> **Work instructions**: The required output is the exact run of lines from the one that contains "The Sun Temple" to the end of the data, with every picture left out.

* * * * * * * * *

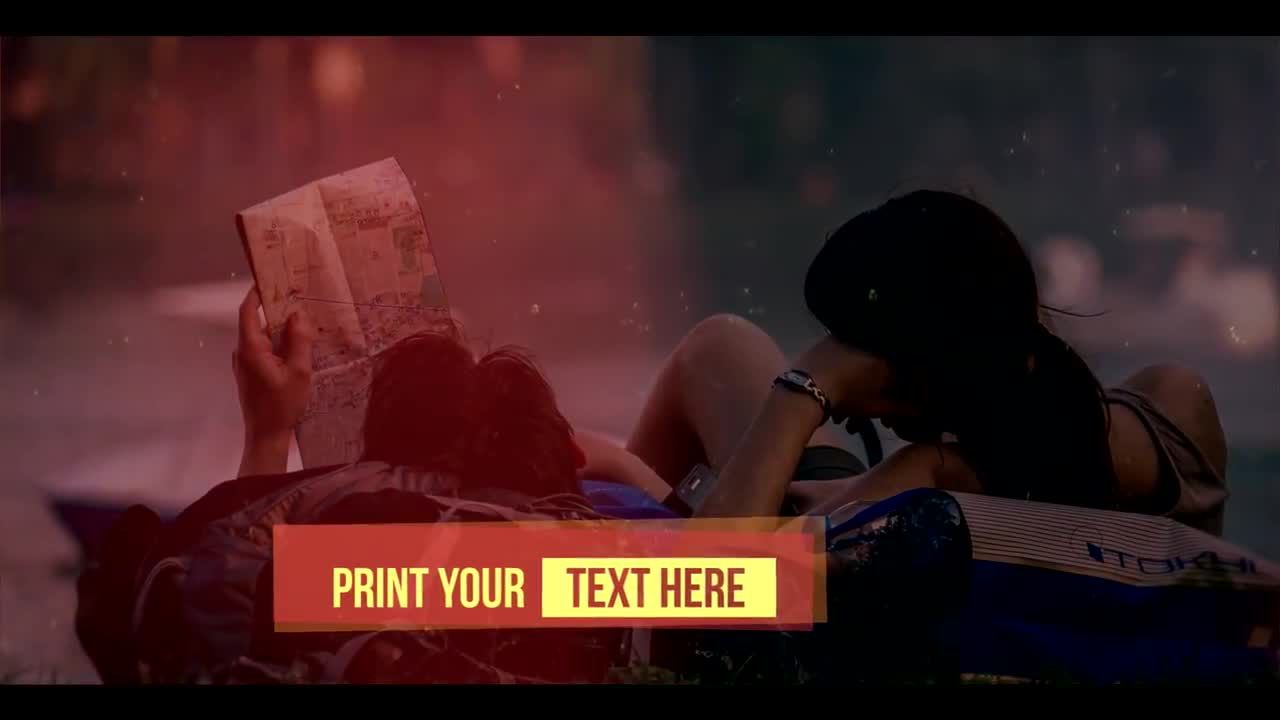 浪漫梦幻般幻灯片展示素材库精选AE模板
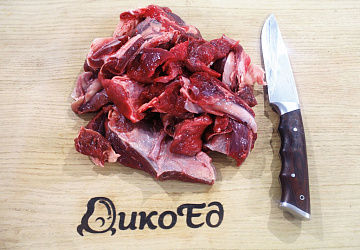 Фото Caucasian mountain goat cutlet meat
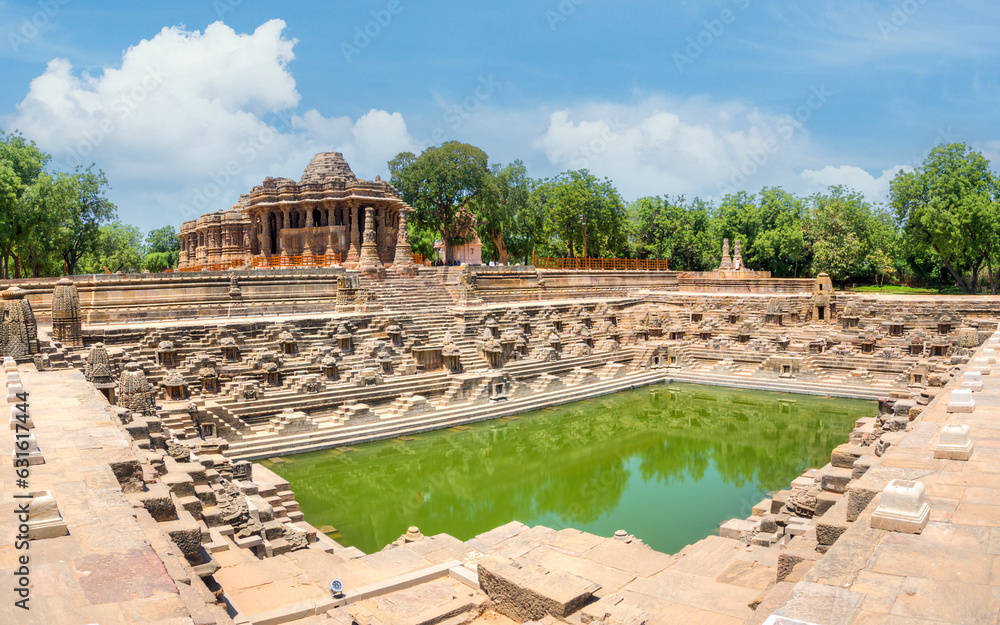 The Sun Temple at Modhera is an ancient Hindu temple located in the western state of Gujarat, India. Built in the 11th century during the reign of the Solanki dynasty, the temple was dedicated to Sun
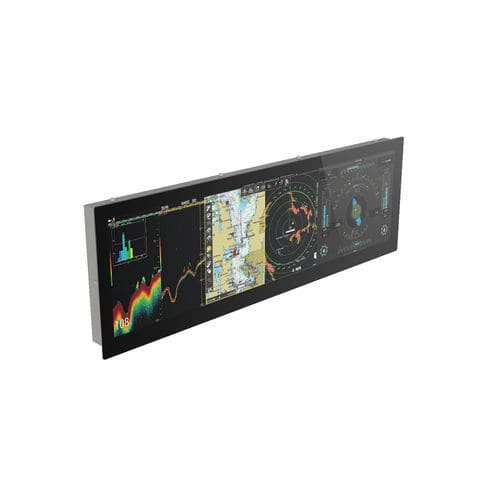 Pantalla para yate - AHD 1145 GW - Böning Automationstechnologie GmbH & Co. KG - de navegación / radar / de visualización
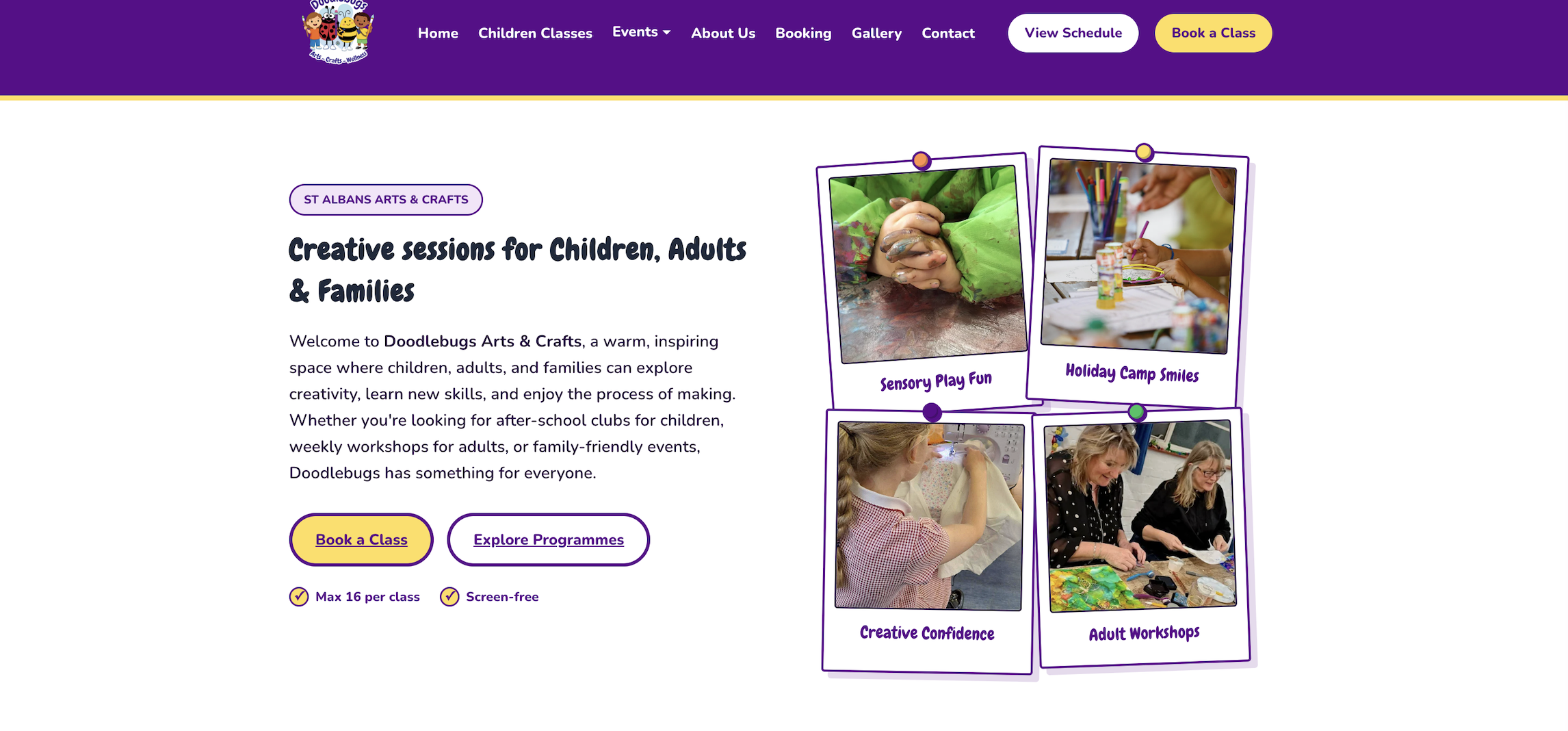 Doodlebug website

* * * * * * * * *

> **Solution for this task**:
 The Sun Temple at Modhera is an ancient Hindu temple located in the western state of Gujarat, India. Built in the 11th century during the reign of the Solanki dynasty, the temple was dedicated to Sun
 Pantalla para yate - AHD 1145 GW - Böning Automationstechnologie GmbH & Co. KG - de navegación / radar / de visualización
 Doodlebug website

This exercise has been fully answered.